VIDEO EXCLUSIVE: Gugu Mbatha-Raw & Saniyya Sidney Talk Race & Superheroes In ‘Fast Color’
The first black female superhero has finally arrived! Fast Color, directed by Julia Hart (Miss Stevens) from a screenplay by Hart and Justin Horowitz (La La Land) is set to be released Friday. The film, which stars Gugu Mbatha-Raw (Belle) as struggling superhero Ruth who returns home to her estranged daughter and mother (played by Saniyya Sidney and Lorraine Toussaint, respectively) to learn to harness her powers. And in the process, she discovers that they’ve all been struggling with these powers.
“Really, throughout the movie, it’s kind of a about these three generations of women coming together to learn how to own their powers,” said Mbatha-Raw of the film’s plot.

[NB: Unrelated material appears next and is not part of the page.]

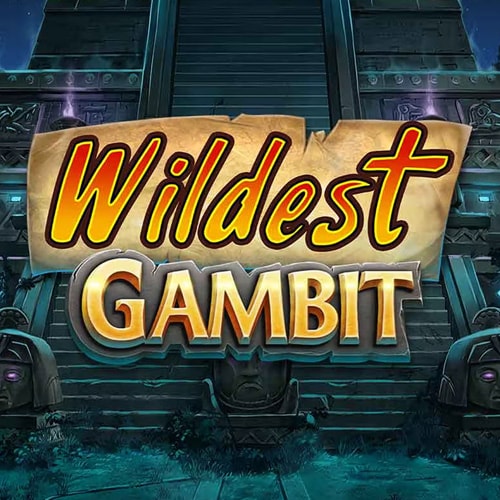 Wildest Gambit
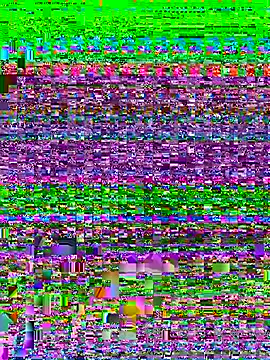 Sugar plum44 online show from 06/30/26, 11:39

The film premiered at last year’s South by Southwest Festival, and was picked up by Codeblack Films. It also stars Christopher Denham (Argo), David Strathairn (Good Night, And Good Luck) and newcomer Levi Dylan Martinez.
Mbatha-Raw and Sidney – who is best known for her role in American Horror Story: Roanoke – sat down with UInterview exclusively to discuss the message they hope the film will convey.
“I hope that people will be inspired and feel empowered to know that you don’t need a cape, you don’t need a weapon to be powerful,” said Mbatha-Raw. “You have all this power within you, and certainly as women we have so much power within us and it’s really just about tapping in to it.”
“It’s just really awesome getting to have this opportunity and hopefully inspire people with this movie, it’s really exciting,” echoed Sidney.
See the full transcript of the interview below:
Q: “Who are your characters in the film?”
MBATHA-RAW: “Well I play Ruth in Fast Color, and Ruth when we first meet her in the story is a woman on the run, we’re not sure what she’s on the run from, but we know she’s in kind of a desperate situation. And we follow her as she escapes out of seeming captivity and escapes into the desert, and she actually arrives at this farmhouse which we discover is her childhood home and the home of her mom and also her daughter played by Saniyya. And she hasn’t been there for about ten years, you know, she’s been out struggling with addiction, struggling with these powers that she has, these special abilities, where she has these seizures that she’s not able to control. And really, throughout the movie, it’s kind of a about these three generations of women coming together to learn how to own their powers.”
SIDNEY: “I play the daughter of Gugu, I play Lila, and she is living at this home with her grandmother, as well as her mother named Bo- well I call her Bo, her real name is Bonnie – played by Lorraine Toussaint. And she’s special because there’s something about her that is very unique and she loves to fix things. She fixes things around the house, she is currently fixing on the truck that was her mother’s, she likes fixing record players, toasters, things like that. Her power is she knows how to disintegrate things and put them back together. She has this bowl that was her mother’s and she showed her mother her power of what she can do and it can turn into these beautiful particles. And she also can see the colors.
Q: “How do you feel about this being the first black female superhero film?”
MBATHA-RAW: “Well, it’s really exciting. I mean for me, it wasn’t really ever something that was about race, it’s really a story about these three women. But I think Julia Hart, our writer/director, cast the wonderful Lorraine Tussant and myself and Saniyya and for me it’s really empowering because we’re not used to seeing female superheroes very often, and we’re certainly not used to seeing female superheroes of color. So you know I love the fact that this world is very grounded and gritty and sometimes feels almost like a Western in the imagery of us out in the desert, so to see three women of color with powers in the desert, I think it’s certainly about time that we had that and I think the imagery goes into our subconscious, it’s powerful in itself, so I’m really excited that it’s happened.”
SIDNEY: “I think it’s very important like Gugu said, I didn’t really focus on the race either, I focused on what this can do for people, and you know others are excited that we are African-American women doing such a great movie and what it resembles. But at the same time, it’s just really awesome getting to have this opportunity and hopefully inspire people with this movie, it’s really exciting.”
Q: “What’s the message of the film?”
MBATHA-RAW: “Well for me, the message – I think people will bring their own experiences to the film and interpret it in their own way – but for me I hope that people will be inspired and feel empowered to know that you don’t need a cape, you don’t need a weapon to be powerful. You have all this power within you, and certainly as women we have so much power within us and it’s really just about tapping in to it.”
SIDNEY: “I really focus on the beauty of generations, and how important it is to know that you may have gifts that women from centuries or more have passed down to you. And people to open their eyes and ask what they may have that they can pass on to their children. And I think it’s really important for society to recognize that. And like Gugu said, I hope it inspires people too.”